Alles nur Zufall? Von 1947 bis 1966 hatte — mit Ausnahme von zwei Jahren — die CDU in Nordrhein-Westfalen politisch das Sagen. Und bis dahin konnten die Finanzminister stets einen ausgeglichenen Etat vorweisen, einen Haushalt also, der ohne Schulden auskam.

Der Sündenfall erfolgte in den frühen 70er Jahren, als die SPD am Ruder war. Die Neuverschuldung, die mit der allgemeinen Wirtschaftskrise begründet wurde, begann — anfangs zwar moderat, doch sie wuchs unaufhörlich. Mittlerweile hat das Land 133 Milliarden Euro Schulden aufgetürmt. Zum Vergleich: Der Etat für das laufende Jahr ist mit 58,8 Milliarden Euro veranschlagt. Selbst wenn NRW zwei dieser Etats komplett zum Schuldenabbau verwenden könnte, würde die Summe nicht reichen.

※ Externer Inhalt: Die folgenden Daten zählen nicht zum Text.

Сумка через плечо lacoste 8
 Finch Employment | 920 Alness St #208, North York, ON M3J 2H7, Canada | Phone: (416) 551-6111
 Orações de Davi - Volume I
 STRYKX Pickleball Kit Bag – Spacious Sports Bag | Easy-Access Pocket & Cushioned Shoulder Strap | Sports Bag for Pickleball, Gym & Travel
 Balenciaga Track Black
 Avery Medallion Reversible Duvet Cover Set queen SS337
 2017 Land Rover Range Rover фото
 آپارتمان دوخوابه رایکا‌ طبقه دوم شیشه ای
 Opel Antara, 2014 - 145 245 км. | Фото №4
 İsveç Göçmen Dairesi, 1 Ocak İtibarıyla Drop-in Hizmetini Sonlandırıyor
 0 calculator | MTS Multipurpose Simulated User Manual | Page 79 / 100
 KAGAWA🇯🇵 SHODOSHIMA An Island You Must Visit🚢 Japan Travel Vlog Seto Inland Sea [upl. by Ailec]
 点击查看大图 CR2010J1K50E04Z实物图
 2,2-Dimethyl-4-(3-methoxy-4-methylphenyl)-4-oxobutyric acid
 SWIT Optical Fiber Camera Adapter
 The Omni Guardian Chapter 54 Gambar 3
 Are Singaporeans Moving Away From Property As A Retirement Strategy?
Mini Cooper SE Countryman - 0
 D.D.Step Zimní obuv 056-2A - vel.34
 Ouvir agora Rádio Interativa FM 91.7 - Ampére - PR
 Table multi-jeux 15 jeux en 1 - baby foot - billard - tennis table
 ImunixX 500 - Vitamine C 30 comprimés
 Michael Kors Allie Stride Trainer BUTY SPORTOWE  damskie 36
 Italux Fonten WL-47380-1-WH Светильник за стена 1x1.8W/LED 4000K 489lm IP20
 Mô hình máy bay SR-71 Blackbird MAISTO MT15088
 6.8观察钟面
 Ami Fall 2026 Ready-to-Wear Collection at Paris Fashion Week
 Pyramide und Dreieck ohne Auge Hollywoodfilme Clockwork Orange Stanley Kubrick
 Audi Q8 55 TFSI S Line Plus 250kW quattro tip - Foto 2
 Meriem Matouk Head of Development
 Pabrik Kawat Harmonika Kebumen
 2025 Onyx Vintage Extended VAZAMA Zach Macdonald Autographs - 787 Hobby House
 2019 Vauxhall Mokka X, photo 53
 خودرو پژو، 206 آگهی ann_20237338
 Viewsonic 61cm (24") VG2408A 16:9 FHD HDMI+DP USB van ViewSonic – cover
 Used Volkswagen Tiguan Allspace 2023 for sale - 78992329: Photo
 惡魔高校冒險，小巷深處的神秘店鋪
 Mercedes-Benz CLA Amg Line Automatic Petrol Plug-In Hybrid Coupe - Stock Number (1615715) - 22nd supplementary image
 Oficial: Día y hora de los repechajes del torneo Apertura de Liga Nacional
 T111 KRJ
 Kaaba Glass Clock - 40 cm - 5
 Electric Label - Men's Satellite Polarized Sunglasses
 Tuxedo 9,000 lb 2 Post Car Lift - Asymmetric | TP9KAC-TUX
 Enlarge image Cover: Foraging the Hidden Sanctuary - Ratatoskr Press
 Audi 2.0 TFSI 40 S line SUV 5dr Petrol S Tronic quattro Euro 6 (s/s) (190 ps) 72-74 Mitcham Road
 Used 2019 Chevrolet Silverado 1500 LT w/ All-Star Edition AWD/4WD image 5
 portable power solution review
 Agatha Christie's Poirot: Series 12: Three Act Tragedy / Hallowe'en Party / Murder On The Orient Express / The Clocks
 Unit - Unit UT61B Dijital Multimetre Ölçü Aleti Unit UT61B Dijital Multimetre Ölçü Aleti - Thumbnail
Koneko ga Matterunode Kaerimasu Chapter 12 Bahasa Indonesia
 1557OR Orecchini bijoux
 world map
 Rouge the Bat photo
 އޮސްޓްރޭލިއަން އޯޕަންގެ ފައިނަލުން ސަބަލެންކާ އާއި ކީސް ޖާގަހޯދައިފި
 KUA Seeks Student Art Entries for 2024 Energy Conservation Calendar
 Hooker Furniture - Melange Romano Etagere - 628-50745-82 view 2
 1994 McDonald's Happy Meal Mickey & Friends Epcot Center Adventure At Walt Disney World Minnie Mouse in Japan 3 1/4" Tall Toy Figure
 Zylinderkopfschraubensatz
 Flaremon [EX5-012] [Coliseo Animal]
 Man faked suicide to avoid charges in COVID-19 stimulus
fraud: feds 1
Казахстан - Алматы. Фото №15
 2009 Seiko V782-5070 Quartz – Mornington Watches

Immerhin sind Bund und Länder, die allesamt keine Musterknaben beim Schuldenabbau waren oder sind, inzwischen einen wesentlichen Schritt weiter als in den zurückliegenden Jahrzehnten, als sich niemand sonderlich große Sorgen um den wachsenden Schuldenberg zu machen schien. Künftig soll eine Schuldenbremse zu einem disziplinierten Umgang mit dem Steuergeld der Bürger zwingen. Für die Länder gilt das Verbot neuer Schulden ab dem Jahr 2020.

Noch viel Zeit bis dahin? Keineswegs. Im Gegenteil wird es höchste Eisenbahn, das Steuer herumzureißen, um zu einer Null-Neuverschuldung zu gelangen. Doch davon ist dem rot-grünen Etat 2012, der wegen der Neuwahl noch auf Eis liegt und nahezu unverändert im September in den Landtag eingebracht werden soll, kaum etwas zu anmerken.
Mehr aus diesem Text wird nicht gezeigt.